Los Ayala está llena de esos momentos que parecieran sólo estar ahí para recordarnos que estamos situados en un melodrama familiar (incluso con una iluminación que no para de oscurecerse nuevamente fuera de convención y hacia lo más literal), pero que el texto y la obra no requieren, donde sí requieren quizá un trabajo más paciente de establacer la dinámica, el ambiente, el presente de los personajes, la figura del mismo papá que técnicamente tendría que ser uno más de los personajes en esta historia, pero que desdibujado hacia lo poco que sabemos de él, funciona únicamente como pretexto para iniciar conversaciones fuera de él. Ni hablar de la tía eternamente villanizada.
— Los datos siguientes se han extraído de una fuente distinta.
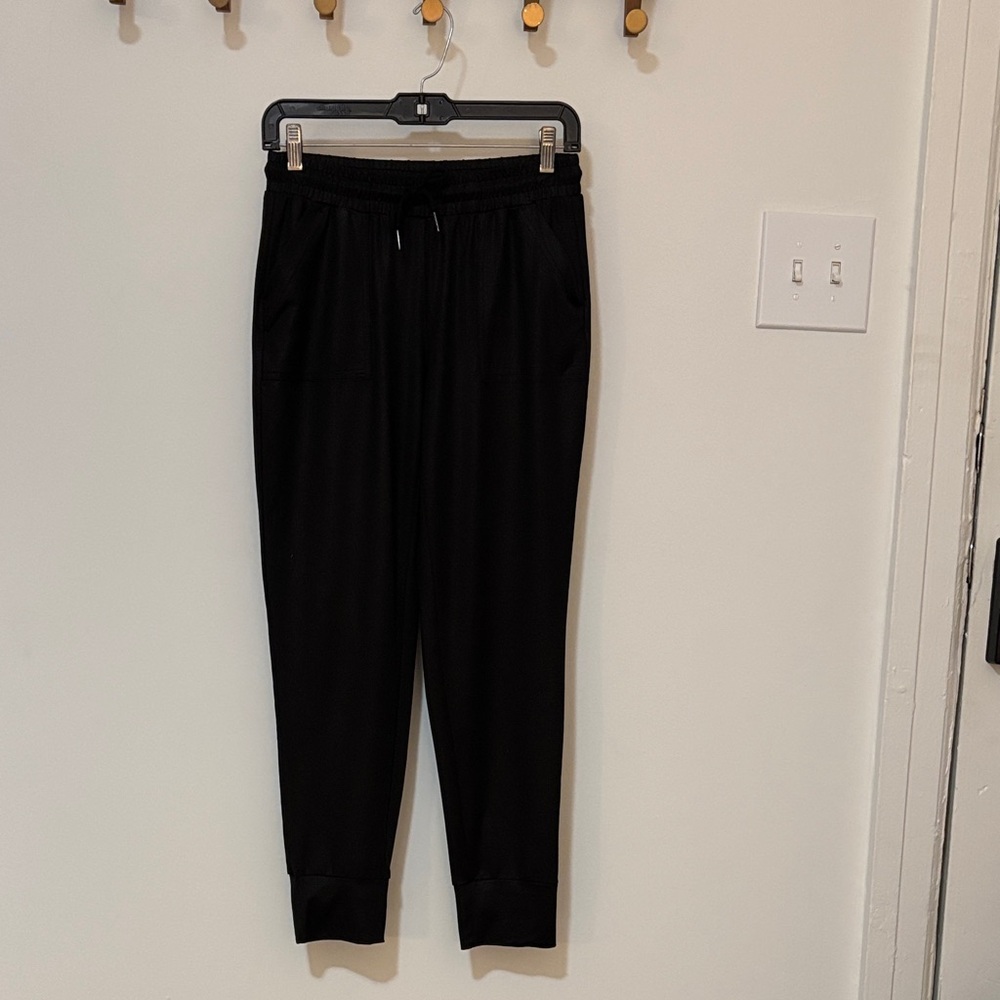 Women’s Black Jogger Pants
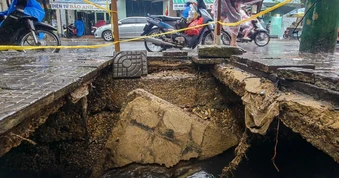 Người đàn ông thoát nạn trong tích tắc khi vỉa hè bất ngờ sụt xuống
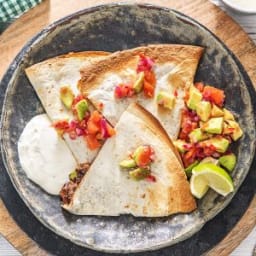 Hello Quesadillas! Gebackene Käse-Tortillas mit schwarzen Bohnen und Tomate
La obra tiene elementos muy valiosos. La materia prima está dipsuesta y en este velorio el factor principal está más presente que el mismo féretro: el corazón. Lo hay y es notorio. Es un montaje pasional con la intención muy correcta de hablar sobre el duelo, la herencia, el legado, el rencor, el perdón, pero sus tuercas donde requieren estar apretadas están sueltas, algunas desbalanceadas, otras sobrantes. Los Ayala no es ese drama familiar que en teatro trasciende a los anales de la historia (que los hay muchos), pero es una obra con basto camino aún por recorrer antes de poderse llenar de crisantemos ante la carroza fúnebre. Una puesta para sentir desde lo mucho que se está entregando en escena, y recordar el porqué la sangre siempre será más pesada que el agua.
Los Ayala está fuera de cartelera, pero con una segunda temporada anunciada para febrero de 2025.